On Kissing, And Pray Tell

It was dark. It was damp. It was intensely uncomfortable. That’s what I remember about my first kiss. Then 13, with a head full of soapy Hollywood fantasies of the wonderful, all-important experience, I was beside myself with girlish joy that a cute boy of 14 would find me attractive enough to want to kiss me. With butterflies (and cocoons and caterpillars) gushing in my digestive system and a ball of spiky teenage lust, we went at it like we were going to devour the other’s face. The vivid image of his bony face and tongue slobbering on mine lurks in the “embarrassing” section of my mind and is triggered to my frontal lobe every time I kiss someone. Since then, every subsequent kissing session has been a conscious effort and attempt at trying to erase and replace that unfortunate first memory with better, more worthy experiences.

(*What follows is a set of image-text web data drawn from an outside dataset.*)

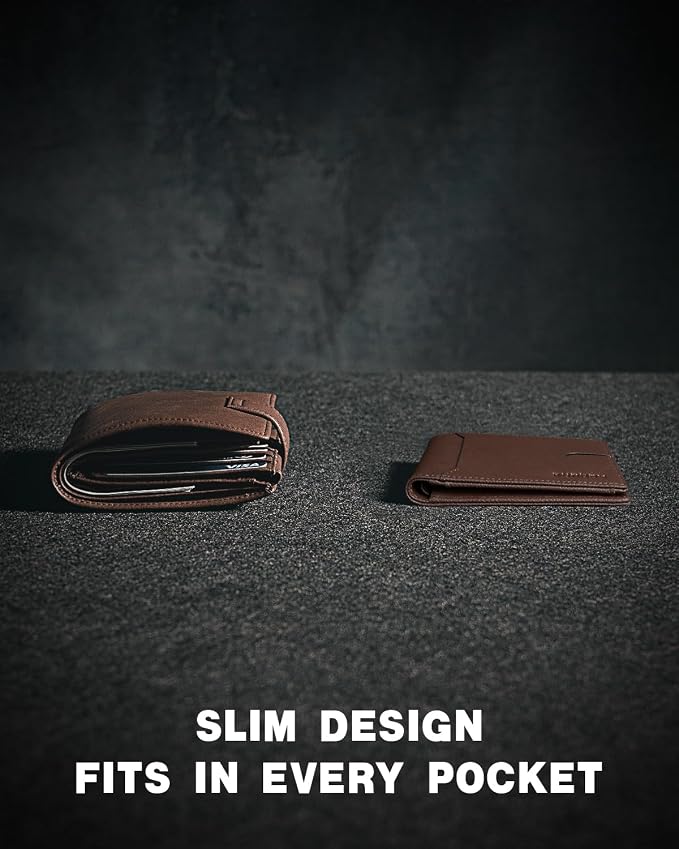 RUNBOX Wallet for Men, Slim Leather Bifold, RFID Blocking Card Holder | Minimalist Front Pocket Design, Credit Card Organizer, Holds 11 Cards, Large Capacity, Thin Profile, Birthday Gifts for Men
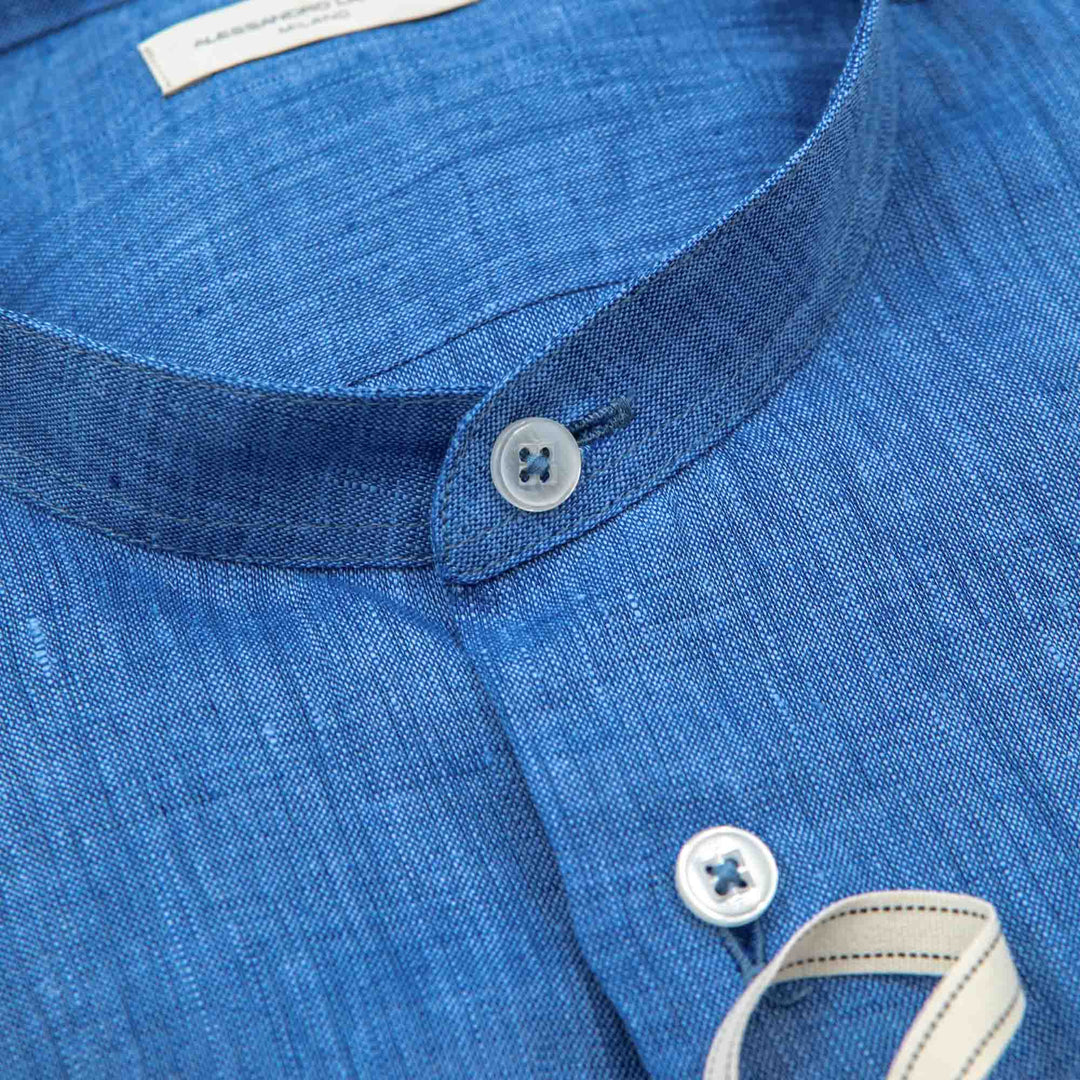 Camicia in Lino con Collo alla Coreana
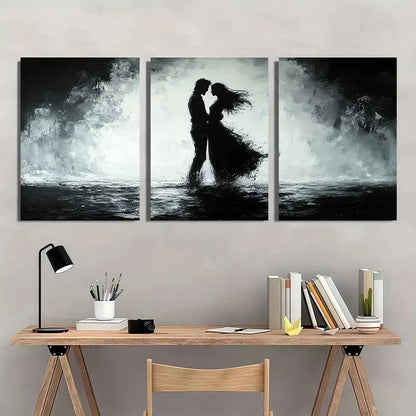 3pcs Black and White Metal Abstract Style Elegant Print Ready to Hang Art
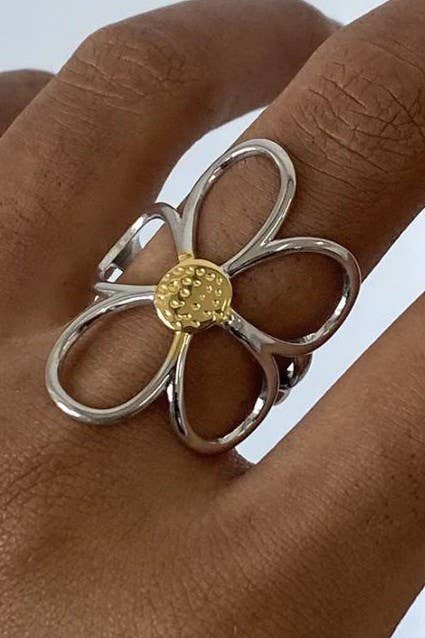 
                  
                    Two Tone Flower Adjustable Ring
                  
                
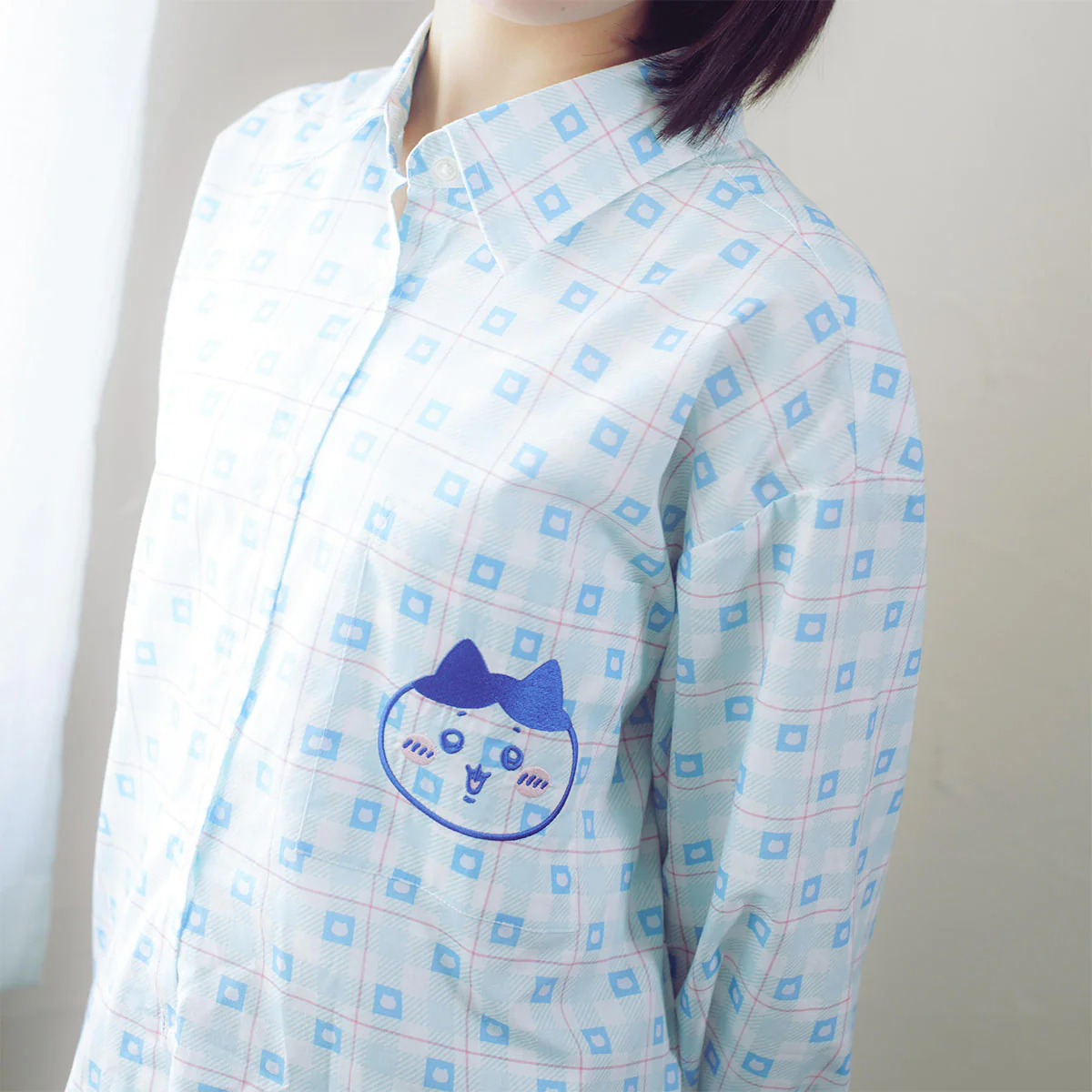 ちいかわ チェックシリーズ シャツ ハチワレ ブルー - Image 6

During a discussion in my Lit class last semester, the resident funny girl-class clown – me – started to talk about censorship on TV and made everyone laugh with cognizance at how you often see Malaysian TV censoring the parts where couples were about to snog each other. So, one minute, you see them getting into foreplay, all hot and steamy and before you know it, *snip*, and they are done with it – often out of the shower and on to the next scene. In the days when there was no cable, I would often go like, “What the fuck? As if we don’t know they are kissing. Doesn’t snipping it make it more obvious?” I mean, what’s going to happen if we see them kissing? Will we feel an unnatural impulse to want to grab someone on the street to stick our tongues down their throats? Wow, what a threat to national security that there would be people who might want to snog each other. Ring up the snog police, won’t you?